The good doctor, over his lifetime, wrote more books than many people read in their lifetimes. Many were excellent explanations of various aspects of science written in language that a layman could understand. Some were good analyses of literature, such as Shakespeare and the Bible. But it is his science fiction works, from his vision of a Foundation to Robots imbued with Three Laws, that guarantee him a place in the hearts of fans of the genre, and a fame that spreads well beyond its boundaries.
This book was something of a departure for him, not being related to any of his other SF works, but still shows his sure hand at plotting and his deft melding of real science with a literally out-of-this-world idea.

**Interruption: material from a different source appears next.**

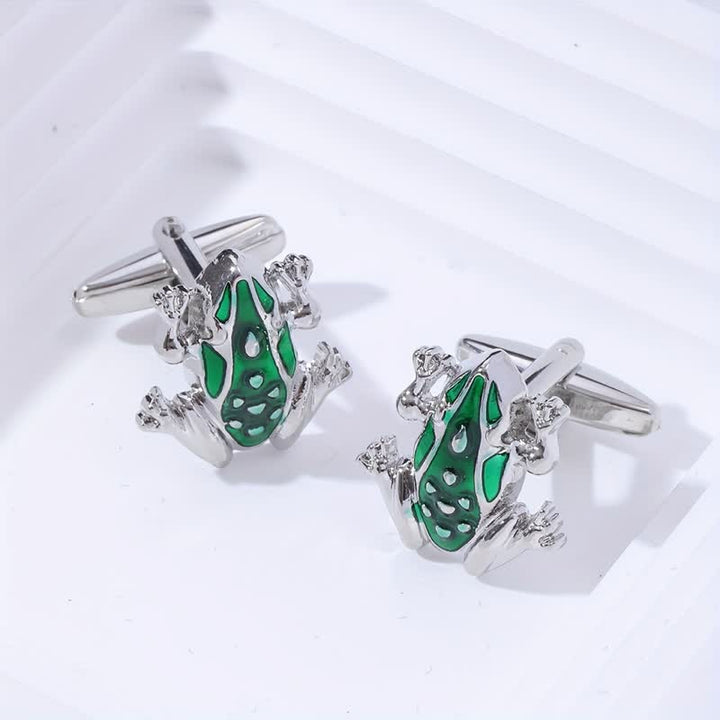 Gemelos de rana arbórea esmaltada en verde para hombre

The story is told in three completely different segments, related only by the commonality of the scientific idea that drives this book, the Electron Pump, a device that can, apparently, deliver infinite free energy by trading material with a universe that operates on slightly different physical laws than our own.

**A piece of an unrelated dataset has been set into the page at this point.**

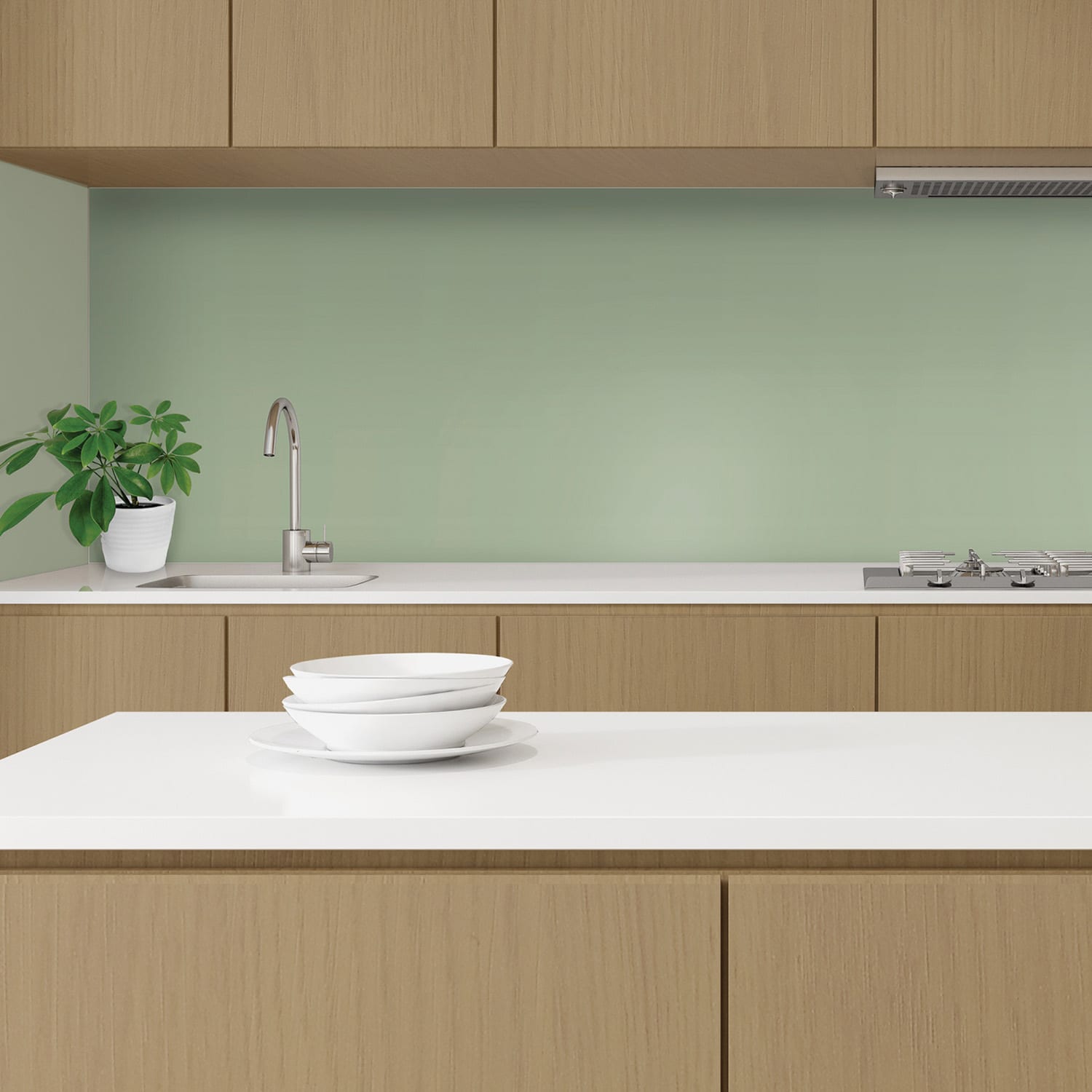Painted Glass Splashback Ultra Clear Matt Glass  per/m²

The first segment is a beautiful glimpse into the sometimes not-so-nice world of the academic researcher, into who gets credit (not necessarily the deserving one) for an idea, how animosities begin and are nurtured, about the crassness of public policy being determined by those who do not and cannot understand the basics of the science that delivers the technological goodies.

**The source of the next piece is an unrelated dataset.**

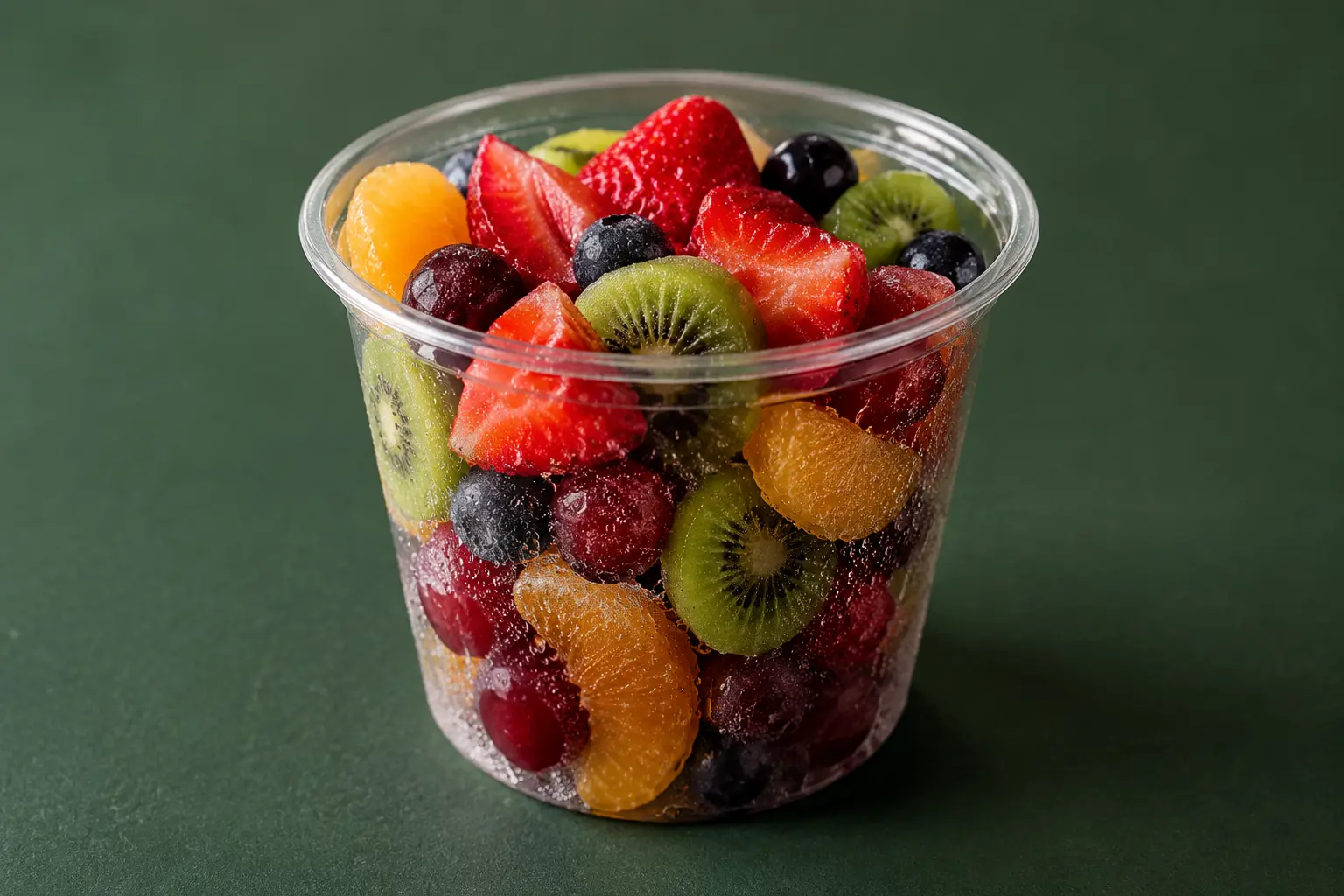 Unbranded clear fruit cup with natural fruit and condensation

The second segment is the part that makes this book deserving of its Hugo Award. Shifting from our universe to the para-universe that initiated the transfer that began the Electron Pump, Asimov invents a truly alien race that is at once believable and violently different from our own. Here we meet Odeen, Tritt, and Dua, who each form one part of tri-sexed whole. Each of these beings becomes a real person, from Tritt, the stolid, stubborn parent, Odeen as the absent minded thinker, and most especially Dua as the feeling, capricious, different one. Part of what makes this section so seductive is that Asimov has not just stated that this was tri-sexed species, but shows just how such an arrangement could work, and then throws in something I don't think I saw elsewhere till some of Ursala K. LeGuin's stories - just what constitutes the no-no's, the 'dirty' aspects of their sex lives. And these aspects, when viewed in terms of the whole life cycle of this species, make sense! A truly remarkable achievement, and I wish he had written more about this remarkable universe and its inhabitants.
The third section returns to our universe, and deals with how free investigation into reality guided by leaps of intuition can overcome even two separate hide-bound organizations, and naturally leads to the resolution of the problems introduced in the earlier sections. This section is not quite as strong as the other two, but does definitely develop one of Asimov's points: the characteristics of the universe we live in are determined by several seemingly random constants, from the strength of quark-quark interactions to the speed of light, and changing any of them would result in very radically different universes.
A strong novel, with some excellent characterization within each section, and based on a solid bedrock of real science. This is possibly the best stand-alone fiction work that he wrote, and should be placed on your shelves right next the Foundation and Robot series.